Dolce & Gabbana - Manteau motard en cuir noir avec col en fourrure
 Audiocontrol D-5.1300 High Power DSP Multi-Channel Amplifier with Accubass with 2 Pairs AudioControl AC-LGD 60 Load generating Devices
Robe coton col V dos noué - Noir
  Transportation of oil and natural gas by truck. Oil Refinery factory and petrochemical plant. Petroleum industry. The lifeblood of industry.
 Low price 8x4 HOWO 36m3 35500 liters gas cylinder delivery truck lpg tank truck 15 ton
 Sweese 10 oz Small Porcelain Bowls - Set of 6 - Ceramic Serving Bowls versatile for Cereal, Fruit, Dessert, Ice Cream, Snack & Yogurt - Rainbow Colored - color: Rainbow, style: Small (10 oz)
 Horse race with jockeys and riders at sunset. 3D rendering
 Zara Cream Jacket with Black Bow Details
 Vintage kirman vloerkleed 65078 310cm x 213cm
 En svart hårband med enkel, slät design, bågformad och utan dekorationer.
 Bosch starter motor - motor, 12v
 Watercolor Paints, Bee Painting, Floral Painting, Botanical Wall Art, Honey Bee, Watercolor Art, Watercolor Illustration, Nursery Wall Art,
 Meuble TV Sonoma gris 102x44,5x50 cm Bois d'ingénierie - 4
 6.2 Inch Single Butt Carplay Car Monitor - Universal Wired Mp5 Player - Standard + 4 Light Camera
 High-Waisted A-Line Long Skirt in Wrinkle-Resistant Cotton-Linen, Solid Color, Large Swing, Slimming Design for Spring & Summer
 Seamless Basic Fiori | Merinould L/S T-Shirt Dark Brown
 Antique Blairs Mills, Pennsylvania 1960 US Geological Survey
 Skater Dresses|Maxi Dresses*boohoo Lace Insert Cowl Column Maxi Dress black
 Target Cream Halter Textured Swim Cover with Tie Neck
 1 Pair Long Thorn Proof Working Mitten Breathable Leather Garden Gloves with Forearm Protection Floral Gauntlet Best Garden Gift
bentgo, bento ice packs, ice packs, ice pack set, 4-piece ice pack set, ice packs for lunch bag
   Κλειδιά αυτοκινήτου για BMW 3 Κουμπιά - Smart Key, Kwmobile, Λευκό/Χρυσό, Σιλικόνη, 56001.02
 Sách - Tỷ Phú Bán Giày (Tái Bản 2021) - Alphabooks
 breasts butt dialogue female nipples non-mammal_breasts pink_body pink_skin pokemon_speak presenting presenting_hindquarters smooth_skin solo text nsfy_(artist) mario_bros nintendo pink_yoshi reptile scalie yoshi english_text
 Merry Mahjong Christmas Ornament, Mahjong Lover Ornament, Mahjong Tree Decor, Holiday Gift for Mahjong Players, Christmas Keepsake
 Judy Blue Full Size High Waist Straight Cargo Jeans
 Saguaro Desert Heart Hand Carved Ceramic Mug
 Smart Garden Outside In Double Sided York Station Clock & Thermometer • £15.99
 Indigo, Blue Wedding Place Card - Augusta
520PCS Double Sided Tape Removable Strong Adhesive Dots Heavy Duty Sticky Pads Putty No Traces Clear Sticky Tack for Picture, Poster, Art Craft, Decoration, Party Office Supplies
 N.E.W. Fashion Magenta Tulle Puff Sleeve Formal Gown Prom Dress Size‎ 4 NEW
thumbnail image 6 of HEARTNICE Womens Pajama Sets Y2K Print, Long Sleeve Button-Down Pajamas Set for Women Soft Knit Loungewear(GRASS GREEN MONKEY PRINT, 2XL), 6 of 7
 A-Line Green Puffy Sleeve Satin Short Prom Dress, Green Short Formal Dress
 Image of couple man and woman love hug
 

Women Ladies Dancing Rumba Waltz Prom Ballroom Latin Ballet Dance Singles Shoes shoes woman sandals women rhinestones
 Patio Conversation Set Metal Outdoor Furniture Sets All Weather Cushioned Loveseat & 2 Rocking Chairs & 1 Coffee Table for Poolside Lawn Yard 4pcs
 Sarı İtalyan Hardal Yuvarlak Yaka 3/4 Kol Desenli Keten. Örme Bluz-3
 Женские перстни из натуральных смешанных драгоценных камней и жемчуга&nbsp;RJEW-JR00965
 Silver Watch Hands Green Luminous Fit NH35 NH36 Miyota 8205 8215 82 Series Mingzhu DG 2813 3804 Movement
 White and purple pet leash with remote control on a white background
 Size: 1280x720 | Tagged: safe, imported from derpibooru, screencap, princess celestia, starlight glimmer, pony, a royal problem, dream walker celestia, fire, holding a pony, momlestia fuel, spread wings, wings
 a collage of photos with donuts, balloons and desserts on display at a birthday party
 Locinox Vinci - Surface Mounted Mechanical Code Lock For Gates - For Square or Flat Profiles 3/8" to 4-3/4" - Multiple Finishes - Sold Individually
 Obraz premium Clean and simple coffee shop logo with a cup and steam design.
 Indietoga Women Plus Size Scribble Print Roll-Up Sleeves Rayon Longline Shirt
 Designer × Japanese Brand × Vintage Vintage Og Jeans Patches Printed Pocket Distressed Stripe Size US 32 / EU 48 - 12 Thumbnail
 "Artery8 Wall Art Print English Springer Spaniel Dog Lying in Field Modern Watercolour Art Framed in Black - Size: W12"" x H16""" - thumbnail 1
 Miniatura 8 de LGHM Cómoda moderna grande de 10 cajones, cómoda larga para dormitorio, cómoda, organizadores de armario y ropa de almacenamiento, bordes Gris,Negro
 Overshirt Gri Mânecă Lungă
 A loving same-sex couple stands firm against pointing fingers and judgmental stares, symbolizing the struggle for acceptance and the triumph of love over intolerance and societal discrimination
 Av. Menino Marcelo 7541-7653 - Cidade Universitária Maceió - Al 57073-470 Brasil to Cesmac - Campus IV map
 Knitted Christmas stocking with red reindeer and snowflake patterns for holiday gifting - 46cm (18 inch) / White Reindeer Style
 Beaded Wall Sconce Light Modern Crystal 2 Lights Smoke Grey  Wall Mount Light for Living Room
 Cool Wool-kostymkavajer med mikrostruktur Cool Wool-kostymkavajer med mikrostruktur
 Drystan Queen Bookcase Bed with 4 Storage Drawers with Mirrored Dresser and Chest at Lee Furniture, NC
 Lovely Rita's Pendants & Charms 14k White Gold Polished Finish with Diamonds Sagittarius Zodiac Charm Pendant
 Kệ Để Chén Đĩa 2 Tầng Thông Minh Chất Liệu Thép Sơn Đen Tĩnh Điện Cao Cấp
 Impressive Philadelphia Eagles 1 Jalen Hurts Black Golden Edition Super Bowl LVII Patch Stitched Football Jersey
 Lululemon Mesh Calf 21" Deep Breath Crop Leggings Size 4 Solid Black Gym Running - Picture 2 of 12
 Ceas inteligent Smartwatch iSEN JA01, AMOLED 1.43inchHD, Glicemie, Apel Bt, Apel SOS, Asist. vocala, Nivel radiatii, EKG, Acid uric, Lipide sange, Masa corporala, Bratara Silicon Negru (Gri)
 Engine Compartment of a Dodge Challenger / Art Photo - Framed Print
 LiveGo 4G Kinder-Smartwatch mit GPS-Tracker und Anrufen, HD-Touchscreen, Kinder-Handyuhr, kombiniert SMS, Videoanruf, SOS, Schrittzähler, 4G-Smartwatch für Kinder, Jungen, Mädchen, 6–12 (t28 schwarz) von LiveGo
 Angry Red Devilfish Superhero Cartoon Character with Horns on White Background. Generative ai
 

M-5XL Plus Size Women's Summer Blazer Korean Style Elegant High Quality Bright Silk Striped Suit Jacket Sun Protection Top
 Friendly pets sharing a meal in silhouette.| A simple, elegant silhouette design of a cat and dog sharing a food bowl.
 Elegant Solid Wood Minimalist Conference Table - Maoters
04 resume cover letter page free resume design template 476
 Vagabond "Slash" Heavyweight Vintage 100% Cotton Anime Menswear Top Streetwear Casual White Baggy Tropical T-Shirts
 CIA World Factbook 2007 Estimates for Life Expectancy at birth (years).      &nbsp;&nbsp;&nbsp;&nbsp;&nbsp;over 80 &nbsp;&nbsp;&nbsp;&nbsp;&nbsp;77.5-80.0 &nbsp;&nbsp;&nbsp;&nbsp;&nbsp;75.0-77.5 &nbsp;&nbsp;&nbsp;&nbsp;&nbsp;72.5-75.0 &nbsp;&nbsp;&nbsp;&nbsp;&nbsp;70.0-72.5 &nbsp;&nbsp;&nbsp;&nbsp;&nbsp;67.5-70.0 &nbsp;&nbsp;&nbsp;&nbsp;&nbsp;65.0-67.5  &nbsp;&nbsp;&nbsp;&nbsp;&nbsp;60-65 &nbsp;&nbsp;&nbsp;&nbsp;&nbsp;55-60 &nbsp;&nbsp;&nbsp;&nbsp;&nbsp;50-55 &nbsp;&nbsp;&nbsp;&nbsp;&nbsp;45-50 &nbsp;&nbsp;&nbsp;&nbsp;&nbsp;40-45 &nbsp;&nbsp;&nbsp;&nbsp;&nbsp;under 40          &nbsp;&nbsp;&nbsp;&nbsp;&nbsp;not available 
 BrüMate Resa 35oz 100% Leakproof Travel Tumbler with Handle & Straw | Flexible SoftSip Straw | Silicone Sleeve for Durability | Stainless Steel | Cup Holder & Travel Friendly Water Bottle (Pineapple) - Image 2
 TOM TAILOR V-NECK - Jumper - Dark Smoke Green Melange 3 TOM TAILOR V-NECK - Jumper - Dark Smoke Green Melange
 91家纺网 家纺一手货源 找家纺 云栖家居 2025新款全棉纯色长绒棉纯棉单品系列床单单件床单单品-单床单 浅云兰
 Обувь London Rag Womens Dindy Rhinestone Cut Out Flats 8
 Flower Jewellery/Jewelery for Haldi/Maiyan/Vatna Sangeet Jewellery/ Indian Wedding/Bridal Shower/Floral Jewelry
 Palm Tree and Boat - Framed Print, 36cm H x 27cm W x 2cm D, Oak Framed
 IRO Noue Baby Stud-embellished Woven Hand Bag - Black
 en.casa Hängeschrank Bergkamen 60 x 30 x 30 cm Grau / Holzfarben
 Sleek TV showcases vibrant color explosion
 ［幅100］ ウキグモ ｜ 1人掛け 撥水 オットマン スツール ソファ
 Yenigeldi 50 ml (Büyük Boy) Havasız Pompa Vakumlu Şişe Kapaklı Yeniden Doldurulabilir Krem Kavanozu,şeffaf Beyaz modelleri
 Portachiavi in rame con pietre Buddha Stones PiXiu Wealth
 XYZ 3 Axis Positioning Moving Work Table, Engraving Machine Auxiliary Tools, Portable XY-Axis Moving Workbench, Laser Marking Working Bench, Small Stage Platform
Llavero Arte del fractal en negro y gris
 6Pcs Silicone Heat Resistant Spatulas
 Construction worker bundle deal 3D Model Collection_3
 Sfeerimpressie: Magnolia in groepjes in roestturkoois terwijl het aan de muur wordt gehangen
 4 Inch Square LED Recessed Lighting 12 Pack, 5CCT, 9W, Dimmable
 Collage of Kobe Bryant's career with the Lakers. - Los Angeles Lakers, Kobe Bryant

= TASK DESCRIPTION =
Take the lines above from the one containing "LiveGo 4G Kinder-Smartwatch" to the one containing "Angry Red Devilfish" and retype them exactly, both ends included, with nothing added.

= OUTPUT OF THE TASK =
 LiveGo 4G Kinder-Smartwatch mit GPS-Tracker und Anrufen, HD-Touchscreen, Kinder-Handyuhr, kombiniert SMS, Videoanruf, SOS, Schrittzähler, 4G-Smartwatch für Kinder, Jungen, Mädchen, 6–12 (t28 schwarz) von LiveGo
 Angry Red Devilfish Superhero Cartoon Character with Horns on White Background. Generative ai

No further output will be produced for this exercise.